If the checksum has previously been installed in the input file, and the input file has not been corrupted since then, the output file will be identical to the input file.

With the -c option, only an input file is expected, and it may come from the command line, or from stdin. checksum will then compute a new checksum, and then output on stdout only the new checksum line. This may be convenient for programmable editors to update a file checksum.

With the -v option, only an input file is expected, and it may come from the command line, or from stdin. checksum will then verify whether the checksum embedded in the file is correct or not. A zero status code is returned for a correct checksum, and a non-zero one otherwise; in UNIX, the status code may be conveniently tested in shell scripts. In either case, an informative message is printed on stdout.


DESCRIPTION

checksum will search for the first line of its input which contains the word checksum in lowercase and no other alphabetic characters. We refer to this line as the ``critical line'' of the file. If the critical line contains no quotation marks, then the output file created is a copy of the input file, except that the critical line is replaced by a line where the word checksum is replaced by checksum = "xxxxx lc wc cc". Here, lc is the number of lines in the output file, written in decimal. Similarly, wc is the word count of the output file, and cc is the character count when the end of line character is taken to be the single character ASCII newline (octal 012).

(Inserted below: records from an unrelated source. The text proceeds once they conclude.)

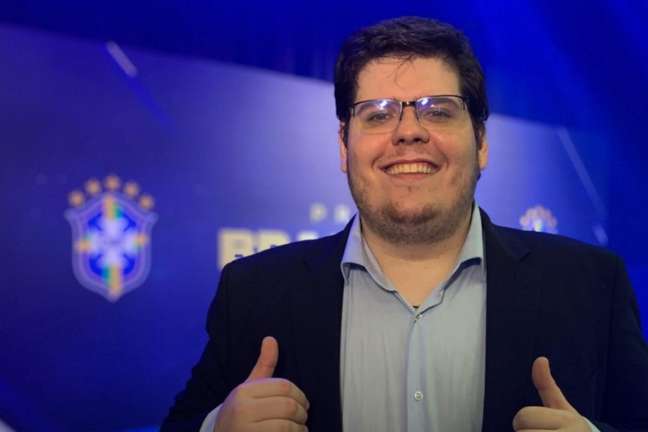 Casimiro Miguel breaks the record for the largest Brazilian live with a match for the national team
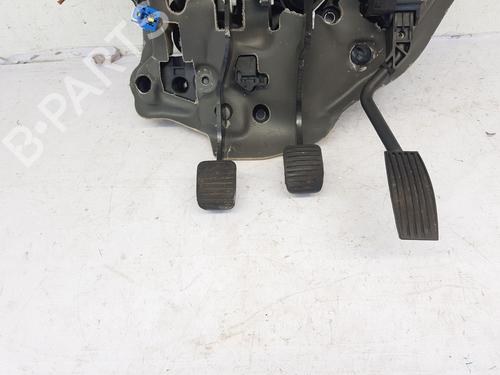 Pedal OPEL CORSA E (X15)  | BP25839826I4 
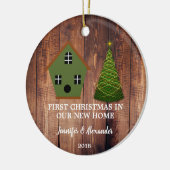 初めてのクリスマスは我々の新しいホームウッドバードハウス セラミックオーナメント (左)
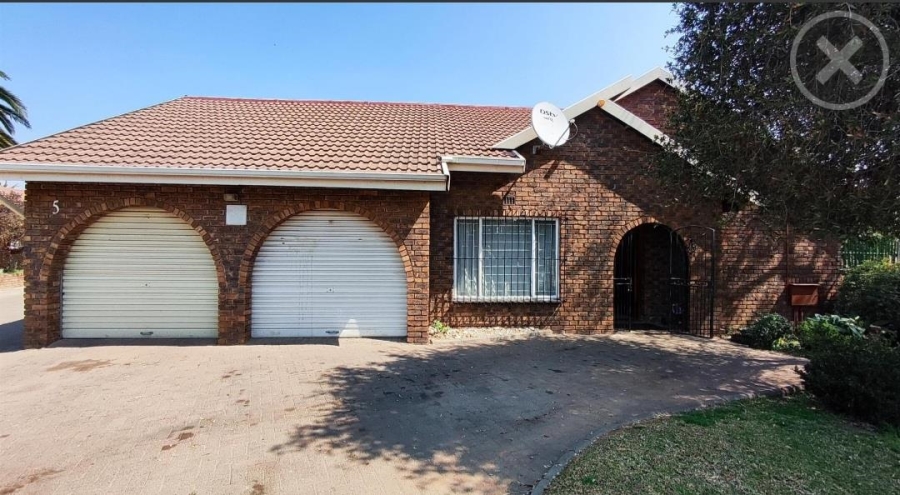 3 Bedroom Property for Sale in Birchleigh North Gauteng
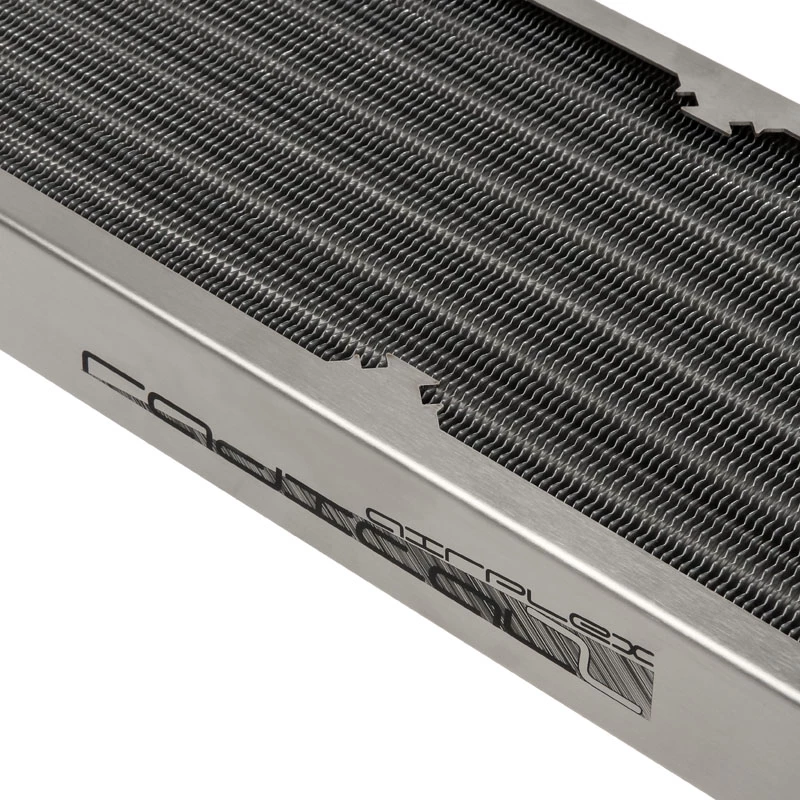 Radiator Aqua-Computer airplex radical 2/480 — Aliuminis/Varis/Nerūdijantis plienas, 520×140×40 mm
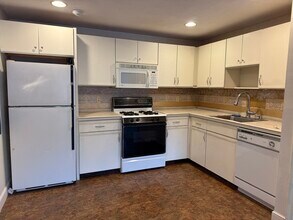 8 Kenmar Dr in Billerica, MA - Building Photo - Building Photo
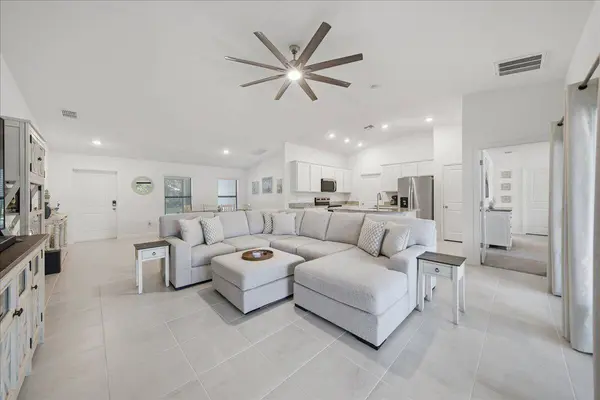 802 Charcoal AVE SE, Palm Bay, FL 32909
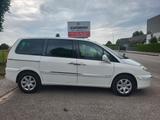 Peugeot 807 2.2 HDi 170CV - Peugeot 807 7-Sitzer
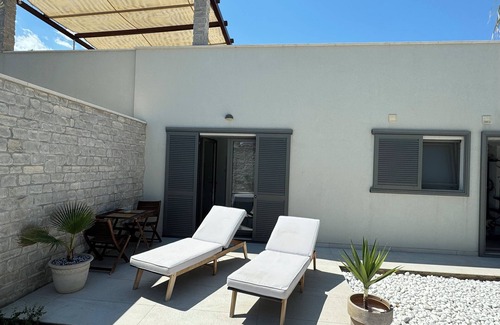 Milna Apartment | New studio in Mediterranean Garden only 50 meters from the sea.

For many text files, it is possible to hide the ``critical line'' in a comment near the beginning of the file.

It is difficult to arrange that a file contains its own checksum. Instead, the field xxxxx contains the checksum, written in decimal in a five-digit field (with possible leading 0's) of the file obtained from the output file by replacing the field containing the checksum by the string ZZZZZ.

If the critical line already contains after the word ``checksum'' precisely two quotation marks, and the first is the last character of the four-character string `` = "'' (i.e. <blank><equals><blank><quotation mark>) then the material between the two quotation marks will be deleted and replaced by a checksum and three counts as described above.

While the counts of words, characters, and lines could be obtained by the UNIX wc(1) utility, that information is still not sufficient to detect character substitutions, or transpositions of characters, lines, and words. The CRC-16 checksum remedies that, since the resulting checksum depends on the order and value of every single byte in the file.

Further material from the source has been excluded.